Capturing Your Buyer’s Imagination
A sales person can provide the buyer with all the information in the world, but if the buyer can’t imagine the seller’s solution in their business there will be no sale. Capturing the buyer’s imagination is an important part of winning the sale.
We traditionally associate imagination with poets, writers and artists, yet it plays a vital role in all human activity including business buying decisions. That means it must play an important role in selling too.
Why Buyers Require Imagination
In a fast paced and highly innovative world managers must envision new products, channels and markets – ones that may be greatly different from the past, or the present. They must imagine the future of their customers, propositions and competitors.
Indeed the requirement for imaginative strategies and solutions in business would appear to be greater than ever before with four out of five CEOs predicting that major changes or bold moves are imminent for their companies according to a recent IBM study.
Do you help buyers to envision your solution in the context of the future of their business?
Increased business complexity combined with increased marketplace uncertainty mean that imagination, once the preserve of artists and day dreamers, is now seen as key to business decision making. This is evident from the number of Business Universities offering creativity and creative thinking courses to their students.
Decision Making Under Uncertainty
A buyer can easily analyze the past or the present – in terms of requirements, prices and suppliers. But that is not enough. In a time of change the past is a poor guide to the future. Analyzing the past must go hand in hand with imagining the future.

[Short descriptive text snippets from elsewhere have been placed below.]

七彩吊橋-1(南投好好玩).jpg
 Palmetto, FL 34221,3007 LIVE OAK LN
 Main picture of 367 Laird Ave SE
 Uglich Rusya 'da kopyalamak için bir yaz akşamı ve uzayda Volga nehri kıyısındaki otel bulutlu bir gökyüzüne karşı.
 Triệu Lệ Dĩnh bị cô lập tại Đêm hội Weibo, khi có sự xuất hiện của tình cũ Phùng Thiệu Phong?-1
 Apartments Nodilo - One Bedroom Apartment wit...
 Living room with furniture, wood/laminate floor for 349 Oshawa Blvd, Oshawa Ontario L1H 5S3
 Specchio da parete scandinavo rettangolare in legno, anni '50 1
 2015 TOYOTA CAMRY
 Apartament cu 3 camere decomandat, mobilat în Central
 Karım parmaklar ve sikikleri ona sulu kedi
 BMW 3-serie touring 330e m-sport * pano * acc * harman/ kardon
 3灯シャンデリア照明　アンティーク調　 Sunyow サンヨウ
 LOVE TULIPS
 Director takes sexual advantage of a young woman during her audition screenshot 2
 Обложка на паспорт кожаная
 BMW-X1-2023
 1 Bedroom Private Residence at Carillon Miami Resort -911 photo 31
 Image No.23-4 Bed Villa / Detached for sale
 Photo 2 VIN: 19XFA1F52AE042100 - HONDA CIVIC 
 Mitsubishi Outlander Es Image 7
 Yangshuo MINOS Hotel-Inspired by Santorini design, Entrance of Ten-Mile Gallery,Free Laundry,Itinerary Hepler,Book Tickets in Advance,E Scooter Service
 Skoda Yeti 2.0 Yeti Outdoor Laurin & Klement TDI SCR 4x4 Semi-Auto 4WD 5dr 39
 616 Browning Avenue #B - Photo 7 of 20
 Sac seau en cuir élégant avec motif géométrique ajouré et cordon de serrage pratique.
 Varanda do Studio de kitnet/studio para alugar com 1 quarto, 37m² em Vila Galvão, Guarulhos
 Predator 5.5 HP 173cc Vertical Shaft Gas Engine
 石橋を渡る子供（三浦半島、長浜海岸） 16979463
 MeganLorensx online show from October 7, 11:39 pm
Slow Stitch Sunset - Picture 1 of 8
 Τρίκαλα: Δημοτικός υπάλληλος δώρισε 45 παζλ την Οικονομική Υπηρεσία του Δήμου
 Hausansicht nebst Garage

Do you know what the buyer dreams of for their business, project or team?
The imagination is key to answering ‘what if’ and ‘why’ questions. It is key to forecasting benefits, predicting performance and planning for change. It is the imagination the helps a buyer to process:
- Possibilities and alternatives
- Simulations and scenarios
- Forecasting and predictions
- Creativity and innovation
- Assessments of uncertainty and risk.
All this has implications for sellers. Quite simply if the buyer can’t imagine your solution in their business there will be no sale.
The Newly Discovered Role Of The Imagination
Beyond logic and numbers beyond the five senses is the imagination – a powerful aide to decision making.
How do you captivate the buyer’s imagination?
The dictionary defines imagination as ‘the power to create in one’s mind’. But such a definition belies its importance in our decisions including business and buying decisions.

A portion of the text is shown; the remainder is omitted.